- [Task details]: Beginning with the line that holds "100 meters/3940 inches" and ending with the last line below, please copy every line exactly, add nothing, and leave out the pictures.

- [Given data]:
------------------------------------------------

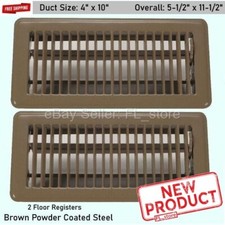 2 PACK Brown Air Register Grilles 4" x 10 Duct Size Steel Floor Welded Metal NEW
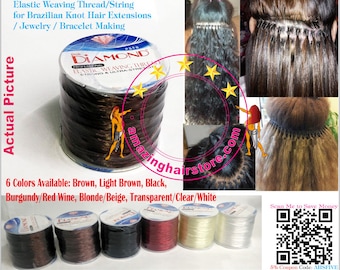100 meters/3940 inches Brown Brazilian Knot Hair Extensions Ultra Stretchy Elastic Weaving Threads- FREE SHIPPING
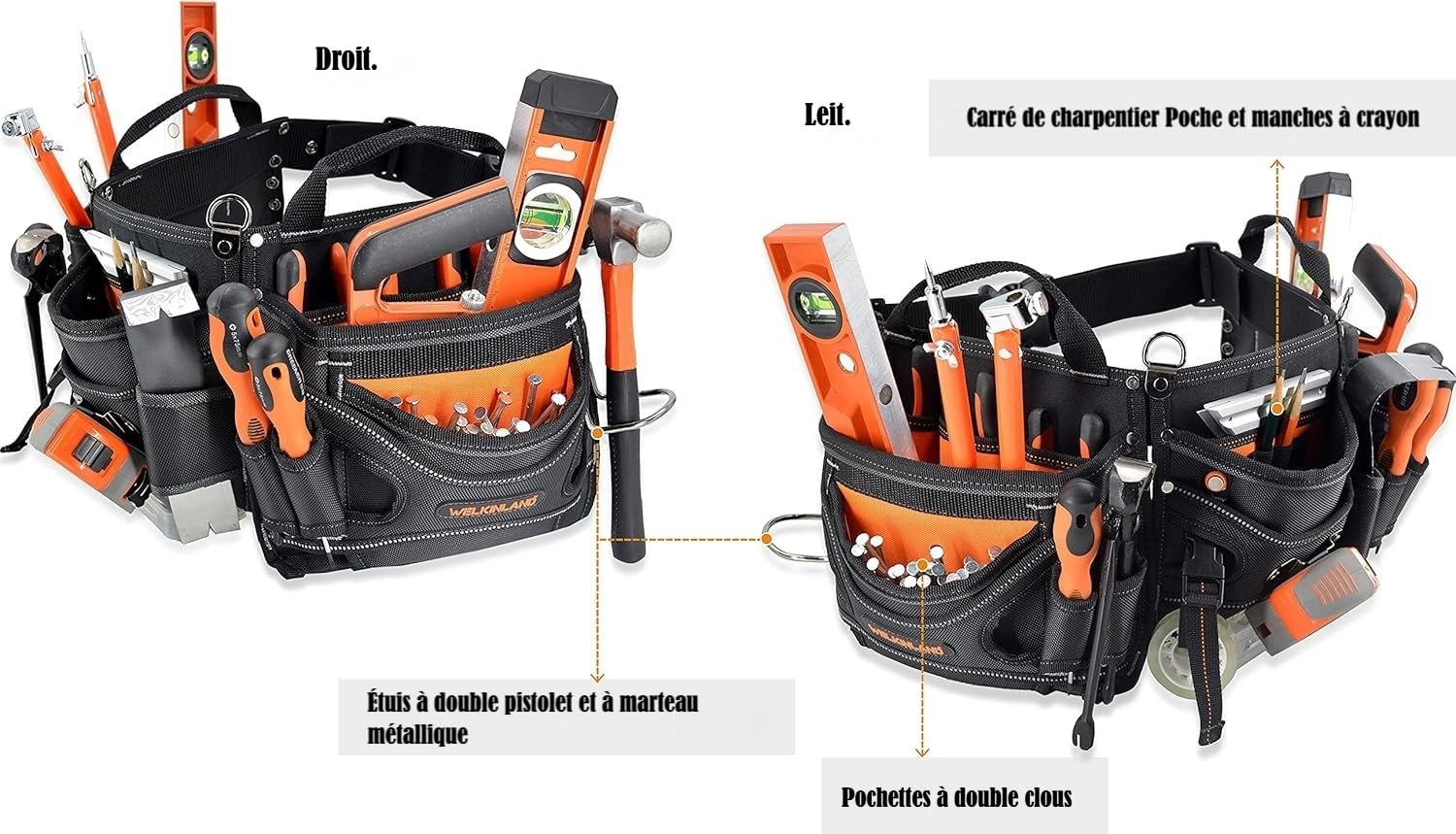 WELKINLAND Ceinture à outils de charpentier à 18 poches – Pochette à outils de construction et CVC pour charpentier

------------------------------------------------

- [Answer section]:
100 meters/3940 inches Brown Brazilian Knot Hair Extensions Ultra Stretchy Elastic Weaving Threads- FREE SHIPPING
 WELKINLAND Ceinture à outils de charpentier à 18 poches – Pochette à outils de construction et CVC pour charpentier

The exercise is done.